Back to List Archive

Re: advantages and disadvantages of indexing via the spider

From: Bill Moseley <moseley(at)not-real.hank.org>
Date: Tue Feb 17 2004 - 13:56:16 GMT
On Mon, Feb 16, 2004 at 08:14:54AM -0800, Eric Lease Morgan wrote:
> I suppose I could use spider.pl to crawl the remote files and index 
> them. I could also use something like wget to create mirrors of the 
> files and index them that way.

Hey, that's the unix way -- specific tools for doing specific tasks.
I think creating a mirror with wget is a fine idea.  IIRC, wget can
modify paths if any of the URLs contain query parameters.  So that would
be a problem.  But if it's just static content then it should work fine.
Wget will only update modified files if you use time-stamping --
assuming the source provides the dates.

> What are the advantages and disadvantages of either approach? If I use 
> the spider, the I don't need nearly as much local disk space. If I do 
> the mirroring thing, then I have local copies and I save on network 
> bandwidth.

Ah, what's a little disk space?  What you save is indexing time.  Run the
spider in the background or from cron separately to keep the mirror up
to date and then index locally from another cron job.
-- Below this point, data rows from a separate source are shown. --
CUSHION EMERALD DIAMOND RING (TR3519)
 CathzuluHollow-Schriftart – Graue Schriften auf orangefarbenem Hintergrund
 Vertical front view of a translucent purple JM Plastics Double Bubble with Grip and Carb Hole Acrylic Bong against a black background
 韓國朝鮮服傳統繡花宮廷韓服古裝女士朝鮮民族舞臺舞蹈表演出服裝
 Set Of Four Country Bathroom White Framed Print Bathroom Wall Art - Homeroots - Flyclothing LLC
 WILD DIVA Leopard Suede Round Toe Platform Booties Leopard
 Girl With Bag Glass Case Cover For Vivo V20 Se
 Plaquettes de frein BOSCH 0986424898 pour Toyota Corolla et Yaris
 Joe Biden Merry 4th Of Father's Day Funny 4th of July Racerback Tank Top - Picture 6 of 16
spider.pl does have the advantage of it being Perl.  It can easily be
modified to do things wget can't do.  It's been on my todo list for a
while to add a caching feature to spider.pl -- maybe use BerkeleyDB to
store compressed pages and meta data like URL and modified date, 
and modify it to do HEAD requests to check the last modified date to see
if the page is up to date.  Patches welcome...

-- 
Bill Moseley
moseley@hank.org
Received on Tue Feb 17 05:56:17 2004